Joel Wit, a senior fellow at the Stimson Center and the founder of 38north, agreed.

"What you have is a commitment to denuclearize — we don't have the deal yet, we just have a general commitment. So I don't find it surprising at all" that work at Yongbyon continues.

But Wit added that he thought Trump had "oversold" the idea that North Korea would soon denuclearize.

The gulf between rhetoric and reality is "exceptionally dangerous," Acton said, because "sooner or later…I think Trump is going to feel he has egg on his face. I worry deeply he'll start lashing out like he did last summer."

After their Singapore summit, Trump and Kim issued a joint statement agreeing to "work toward complete denuclearization of the Korean Peninsula."

The document, less than 400 words, offered almost no details about how or when that would happen.

Asked a few days later whether North Korea's denuclearization would be "verifiable and irreversible" — given that those words are not in the declaration, Secretary of State Mike Pompeo responded that he found the question "insulting and ridiculous and, frankly, ludicrous. I just have to be honest with you. It's a game and one ought not play games with serious matters like this."

He added, "The modalities are beginning to develop. There'll be a great deal of work to do. It's — there's a long way to go, there's much to think about, but don't say silly things."

At a June 20 rally in Duluth, Minnesota, Trump defended his decision to meet with Kim, bragging that he extracted a major concession from the dictator: "Sentence one says 'a total denuclearization of North Korea,'" Trump said. "There will be denuclearization. So that's the real story."

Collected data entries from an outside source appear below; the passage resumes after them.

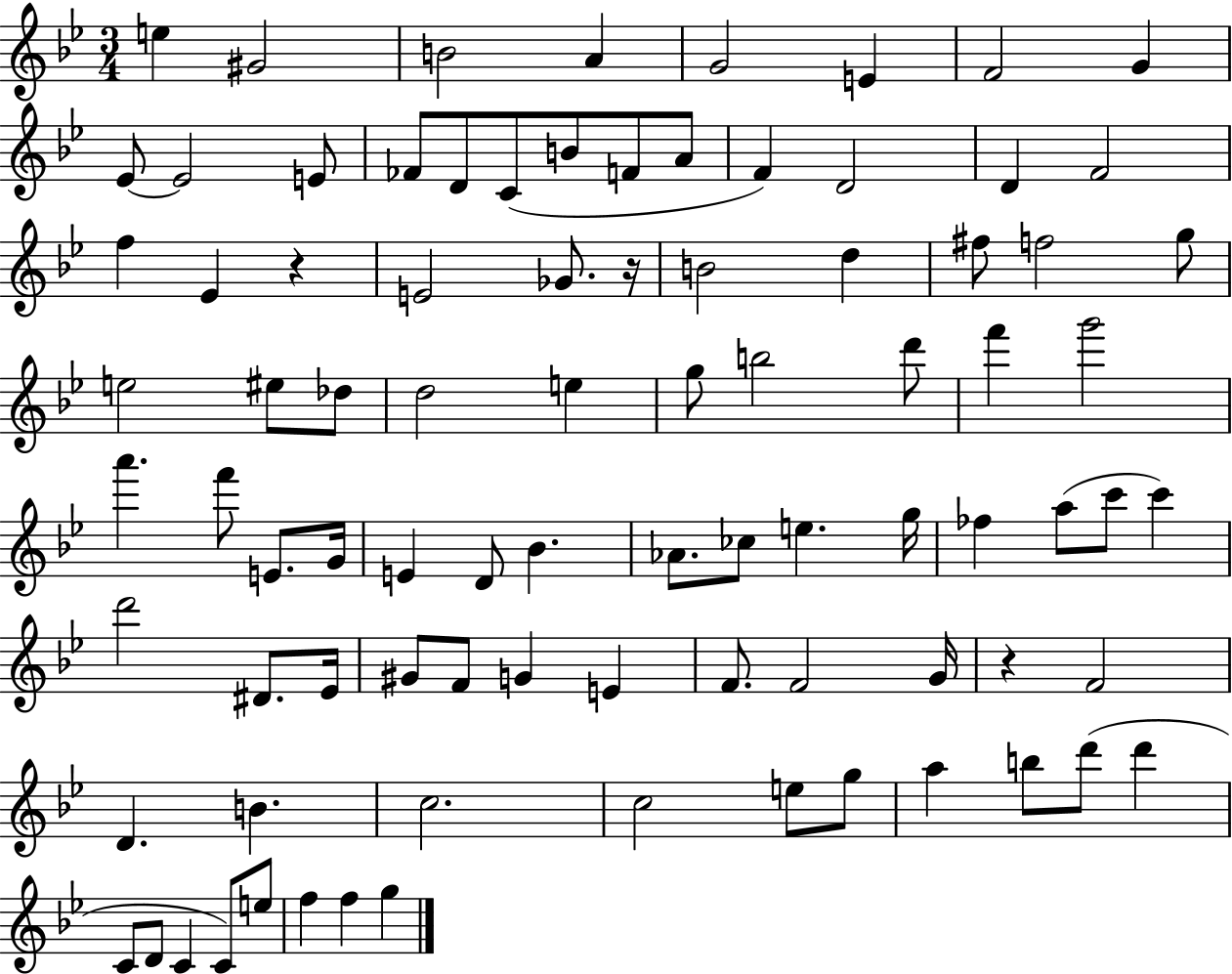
{
  \clef treble
  \numericTimeSignature
  \time 3/4
  \key bes \major
  e''4 gis'2 | b'2 a'4 | g'2 e'4 | f'2 g'4 | \break ees'8~~ ees'2 e'8 | fes'8 d'8 c'8( b'8 f'8 a'8 | f'4) d'2 | d'4 f'2 | \break f''4 ees'4 r4 | e'2 ges'8. r16 | b'2 d''4 | fis''8 f''2 g''8 | \break e''2 eis''8 des''8 | d''2 e''4 | g''8 b''2 d'''8 | f'''4 g'''2 | \break a'''4. f'''8 e'8. g'16 | e'4 d'8 bes'4. | aes'8. ces''8 e''4. g''16 | fes''4 a''8( c'''8 c'''4) | \break d'''2 dis'8. ees'16 | gis'8 f'8 g'4 e'4 | f'8. f'2 g'16 | r4 f'2 | \break d'4. b'4. | c''2. | c''2 e''8 g''8 | a''4 b''8 d'''8( d'''4 | \break c'8 d'8 c'4 c'8) e''8 | f''4 f''4 g''4 | \bar "|."
} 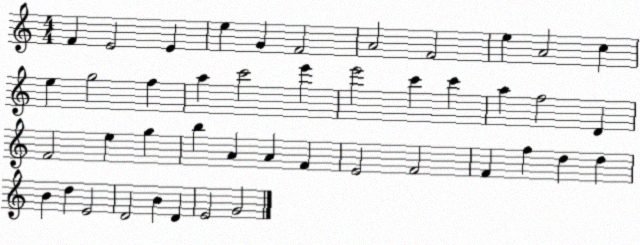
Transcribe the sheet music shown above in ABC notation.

X:1
T:Untitled
M:4/4
L:1/4
K:C
F E2 E e G F2 A2 F2 e A2 c e g2 f a c'2 e' e'2 c' c' a f2 D F2 e g b A A F E2 F2 F f d d B d E2 D2 B D E2 G2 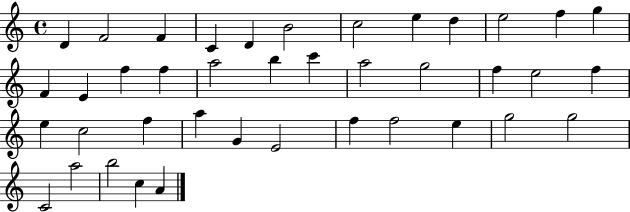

It's not clear from the satellite imagery to what extent the Yongbyon reactor is operating, the 38north report said, but it concluded that uranium enrichment appears to be in progress. Wit, who negotiated a 1994 deal with North Korea, said the facility has become less important to North Korea's program, and currently produces enough nuclear material to build two to three bombs every two years.

In 2007, North Korea agreed to shut down the site, and in 2008 the regime blew up the main cooling tower. But after talks collapsed, North Korea in 2009 resumed the reprocessing of spent fuel to recover plutonium at the site.

In May, weeks before Trump met Kim in Singapore, North Korea appeared to destroy three nuclear tunnels, observation buildings, a metal foundry and living quarters at its Punggye-ri nuclear test. But experts said the site could easily be rebuilt.